Start of Given information

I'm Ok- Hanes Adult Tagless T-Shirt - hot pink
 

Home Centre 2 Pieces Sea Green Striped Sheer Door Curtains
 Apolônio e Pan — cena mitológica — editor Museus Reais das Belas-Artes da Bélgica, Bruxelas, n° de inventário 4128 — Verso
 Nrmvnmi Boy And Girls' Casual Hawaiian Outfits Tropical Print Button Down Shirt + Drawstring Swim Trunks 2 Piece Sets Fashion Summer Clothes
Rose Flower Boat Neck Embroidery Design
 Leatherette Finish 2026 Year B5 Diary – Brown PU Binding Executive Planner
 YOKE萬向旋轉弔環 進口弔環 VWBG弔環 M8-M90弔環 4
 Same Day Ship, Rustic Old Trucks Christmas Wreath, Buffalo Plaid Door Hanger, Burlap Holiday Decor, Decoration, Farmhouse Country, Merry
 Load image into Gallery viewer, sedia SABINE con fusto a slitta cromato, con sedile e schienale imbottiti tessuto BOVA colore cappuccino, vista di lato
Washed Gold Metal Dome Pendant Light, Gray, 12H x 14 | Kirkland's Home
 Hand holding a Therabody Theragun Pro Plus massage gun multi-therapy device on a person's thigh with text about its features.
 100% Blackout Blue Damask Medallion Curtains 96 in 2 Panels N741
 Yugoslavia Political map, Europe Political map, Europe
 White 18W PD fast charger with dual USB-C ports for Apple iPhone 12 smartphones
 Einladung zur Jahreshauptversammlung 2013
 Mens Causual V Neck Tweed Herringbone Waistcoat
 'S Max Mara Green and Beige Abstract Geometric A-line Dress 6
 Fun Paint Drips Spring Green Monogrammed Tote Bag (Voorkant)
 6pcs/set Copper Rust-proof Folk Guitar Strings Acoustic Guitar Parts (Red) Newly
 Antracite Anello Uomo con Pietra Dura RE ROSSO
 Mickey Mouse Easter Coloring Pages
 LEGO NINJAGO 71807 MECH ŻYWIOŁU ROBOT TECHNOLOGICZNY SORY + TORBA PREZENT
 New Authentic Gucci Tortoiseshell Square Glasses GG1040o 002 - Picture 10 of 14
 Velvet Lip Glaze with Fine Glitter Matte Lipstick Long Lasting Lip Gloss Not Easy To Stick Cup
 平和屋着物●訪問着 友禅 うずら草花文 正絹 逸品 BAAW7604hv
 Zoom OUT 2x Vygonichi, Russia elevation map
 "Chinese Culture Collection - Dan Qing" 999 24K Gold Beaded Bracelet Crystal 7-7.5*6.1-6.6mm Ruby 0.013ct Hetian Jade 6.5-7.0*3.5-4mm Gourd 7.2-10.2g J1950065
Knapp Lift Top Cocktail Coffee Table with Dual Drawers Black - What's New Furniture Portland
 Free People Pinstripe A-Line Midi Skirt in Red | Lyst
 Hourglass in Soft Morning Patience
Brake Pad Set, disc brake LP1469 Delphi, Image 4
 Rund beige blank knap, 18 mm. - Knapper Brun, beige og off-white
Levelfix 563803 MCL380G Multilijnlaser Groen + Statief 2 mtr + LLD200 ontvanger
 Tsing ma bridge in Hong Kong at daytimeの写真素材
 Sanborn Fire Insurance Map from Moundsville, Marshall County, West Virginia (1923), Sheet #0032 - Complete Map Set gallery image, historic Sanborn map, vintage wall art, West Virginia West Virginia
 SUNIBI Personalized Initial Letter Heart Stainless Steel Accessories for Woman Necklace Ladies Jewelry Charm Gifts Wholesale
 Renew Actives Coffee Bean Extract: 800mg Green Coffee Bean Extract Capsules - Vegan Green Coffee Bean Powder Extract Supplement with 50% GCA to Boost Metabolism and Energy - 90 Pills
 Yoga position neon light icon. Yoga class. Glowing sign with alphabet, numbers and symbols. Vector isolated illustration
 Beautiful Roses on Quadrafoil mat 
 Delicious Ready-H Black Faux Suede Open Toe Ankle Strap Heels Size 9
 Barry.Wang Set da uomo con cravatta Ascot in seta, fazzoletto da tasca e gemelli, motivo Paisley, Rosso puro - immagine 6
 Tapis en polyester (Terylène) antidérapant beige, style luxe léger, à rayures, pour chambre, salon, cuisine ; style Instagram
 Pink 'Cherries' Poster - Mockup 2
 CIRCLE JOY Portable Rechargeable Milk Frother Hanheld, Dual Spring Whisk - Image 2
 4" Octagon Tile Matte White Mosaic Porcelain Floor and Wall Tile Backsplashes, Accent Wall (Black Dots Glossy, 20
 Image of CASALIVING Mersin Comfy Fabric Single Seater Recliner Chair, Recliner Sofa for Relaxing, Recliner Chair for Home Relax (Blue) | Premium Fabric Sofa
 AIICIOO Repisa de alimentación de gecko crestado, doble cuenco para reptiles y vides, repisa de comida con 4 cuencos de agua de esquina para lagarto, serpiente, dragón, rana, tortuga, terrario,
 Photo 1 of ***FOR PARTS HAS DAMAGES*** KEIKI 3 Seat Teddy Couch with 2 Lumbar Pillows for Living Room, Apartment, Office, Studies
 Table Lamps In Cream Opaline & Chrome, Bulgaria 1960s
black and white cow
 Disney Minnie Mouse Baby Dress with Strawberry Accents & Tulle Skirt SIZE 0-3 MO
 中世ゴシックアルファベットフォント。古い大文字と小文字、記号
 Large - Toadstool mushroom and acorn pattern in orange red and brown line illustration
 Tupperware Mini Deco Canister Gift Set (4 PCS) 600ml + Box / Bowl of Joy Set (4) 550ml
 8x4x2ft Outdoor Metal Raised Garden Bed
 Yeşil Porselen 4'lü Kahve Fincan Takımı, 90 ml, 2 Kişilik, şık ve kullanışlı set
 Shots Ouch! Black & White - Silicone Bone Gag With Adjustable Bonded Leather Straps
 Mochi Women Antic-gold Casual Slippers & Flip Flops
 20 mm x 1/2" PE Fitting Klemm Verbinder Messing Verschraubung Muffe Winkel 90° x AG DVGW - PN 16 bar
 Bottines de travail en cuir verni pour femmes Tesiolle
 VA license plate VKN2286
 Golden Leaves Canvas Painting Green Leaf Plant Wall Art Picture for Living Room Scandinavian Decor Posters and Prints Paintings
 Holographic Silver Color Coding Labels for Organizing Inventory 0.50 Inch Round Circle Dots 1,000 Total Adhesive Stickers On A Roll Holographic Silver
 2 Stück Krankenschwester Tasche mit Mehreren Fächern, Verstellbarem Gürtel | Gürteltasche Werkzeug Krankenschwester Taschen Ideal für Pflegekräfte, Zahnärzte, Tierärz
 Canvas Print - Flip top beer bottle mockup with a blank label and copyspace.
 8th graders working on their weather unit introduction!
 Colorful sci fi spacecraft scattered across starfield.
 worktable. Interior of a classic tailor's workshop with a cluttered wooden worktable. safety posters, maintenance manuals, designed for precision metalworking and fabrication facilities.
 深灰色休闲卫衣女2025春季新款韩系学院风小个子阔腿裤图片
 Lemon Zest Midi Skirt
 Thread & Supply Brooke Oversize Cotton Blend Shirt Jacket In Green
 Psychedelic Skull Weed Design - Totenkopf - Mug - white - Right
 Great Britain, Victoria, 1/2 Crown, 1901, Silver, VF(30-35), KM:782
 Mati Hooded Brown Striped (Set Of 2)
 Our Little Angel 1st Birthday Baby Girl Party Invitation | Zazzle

End of Given information

*Problem requirements:* Please give back exactly the lines of the listing above that run from the one containing "Same Day Ship, Rustic" through the one containing "Tsing ma bridge in Hong Kong at daytimeの写真素材", and only those.

*Written solution:*
 Same Day Ship, Rustic Old Trucks Christmas Wreath, Buffalo Plaid Door Hanger, Burlap Holiday Decor, Decoration, Farmhouse Country, Merry
 Load image into Gallery viewer, sedia SABINE con fusto a slitta cromato, con sedile e schienale imbottiti tessuto BOVA colore cappuccino, vista di lato
Washed Gold Metal Dome Pendant Light, Gray, 12H x 14 | Kirkland's Home
 Hand holding a Therabody Theragun Pro Plus massage gun multi-therapy device on a person's thigh with text about its features.
 100% Blackout Blue Damask Medallion Curtains 96 in 2 Panels N741
 Yugoslavia Political map, Europe Political map, Europe
 White 18W PD fast charger with dual USB-C ports for Apple iPhone 12 smartphones
 Einladung zur Jahreshauptversammlung 2013
 Mens Causual V Neck Tweed Herringbone Waistcoat
 'S Max Mara Green and Beige Abstract Geometric A-line Dress 6
 Fun Paint Drips Spring Green Monogrammed Tote Bag (Voorkant)
 6pcs/set Copper Rust-proof Folk Guitar Strings Acoustic Guitar Parts (Red) Newly
 Antracite Anello Uomo con Pietra Dura RE ROSSO
 Mickey Mouse Easter Coloring Pages
 LEGO NINJAGO 71807 MECH ŻYWIOŁU ROBOT TECHNOLOGICZNY SORY + TORBA PREZENT
 New Authentic Gucci Tortoiseshell Square Glasses GG1040o 002 - Picture 10 of 14
 Velvet Lip Glaze with Fine Glitter Matte Lipstick Long Lasting Lip Gloss Not Easy To Stick Cup
 平和屋着物●訪問着 友禅 うずら草花文 正絹 逸品 BAAW7604hv
 Zoom OUT 2x Vygonichi, Russia elevation map
 "Chinese Culture Collection - Dan Qing" 999 24K Gold Beaded Bracelet Crystal 7-7.5*6.1-6.6mm Ruby 0.013ct Hetian Jade 6.5-7.0*3.5-4mm Gourd 7.2-10.2g J1950065
Knapp Lift Top Cocktail Coffee Table with Dual Drawers Black - What's New Furniture Portland
 Free People Pinstripe A-Line Midi Skirt in Red | Lyst
 Hourglass in Soft Morning Patience
Brake Pad Set, disc brake LP1469 Delphi, Image 4
 Rund beige blank knap, 18 mm. - Knapper Brun, beige og off-white
Levelfix 563803 MCL380G Multilijnlaser Groen + Statief 2 mtr + LLD200 ontvanger
 Tsing ma bridge in Hong Kong at daytimeの写真素材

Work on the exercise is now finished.